# Task brief
Copy the listing verbatim, excluding any images found in it.

──────── Supplied material

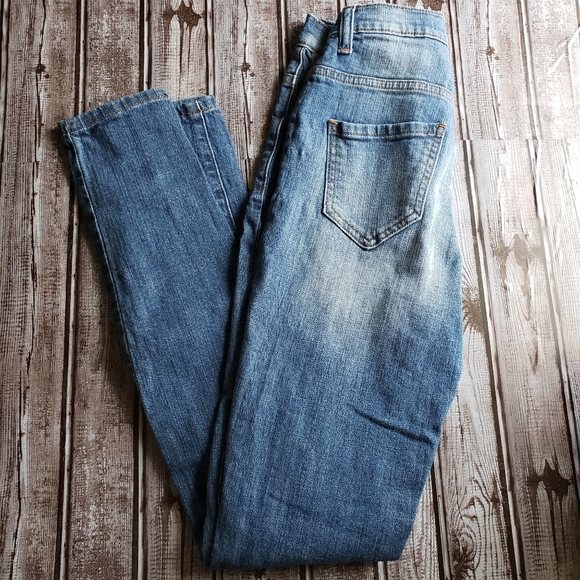 Fashion Nova Distressed Skinny Jeans - Picture 7 of 8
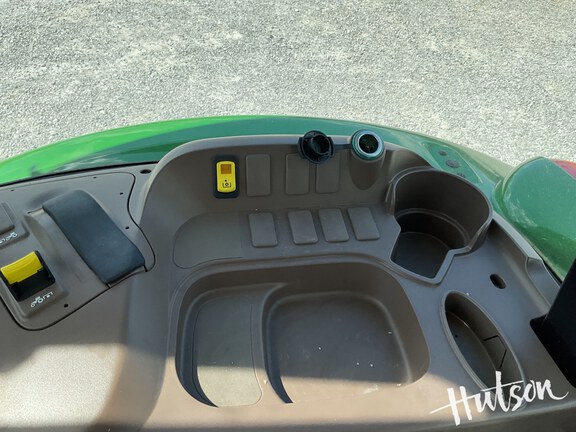 Photo of 2023 John Deere 6105E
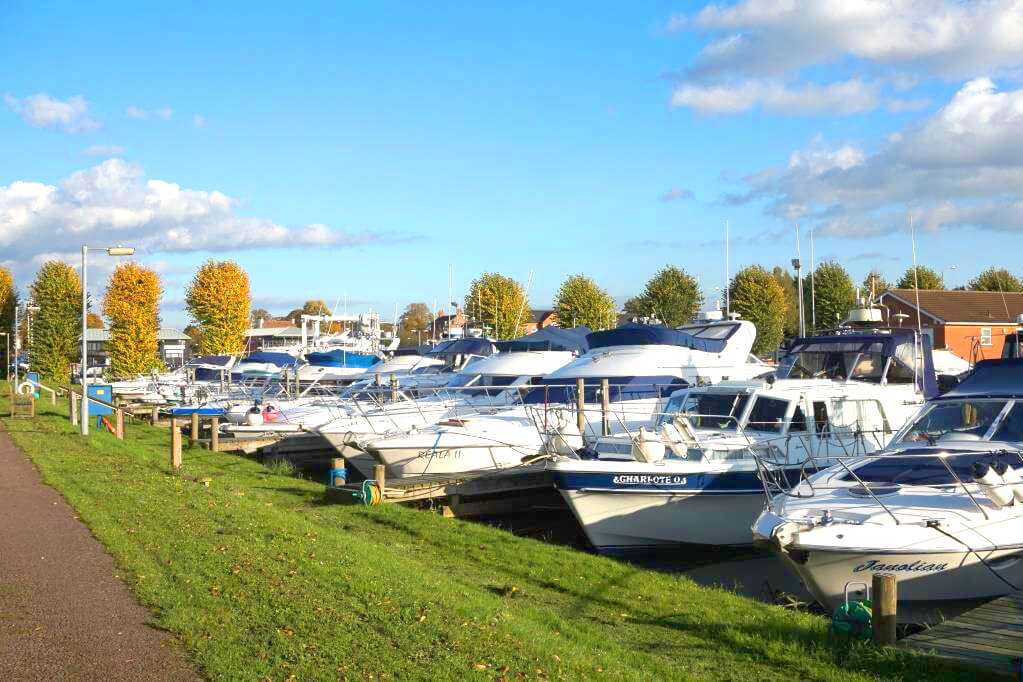 Services Newark Marina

────────────────

# Exercise solution
 Fashion Nova Distressed Skinny Jeans - Picture 7 of 8
 Photo of 2023 John Deere 6105E
 Services Newark Marina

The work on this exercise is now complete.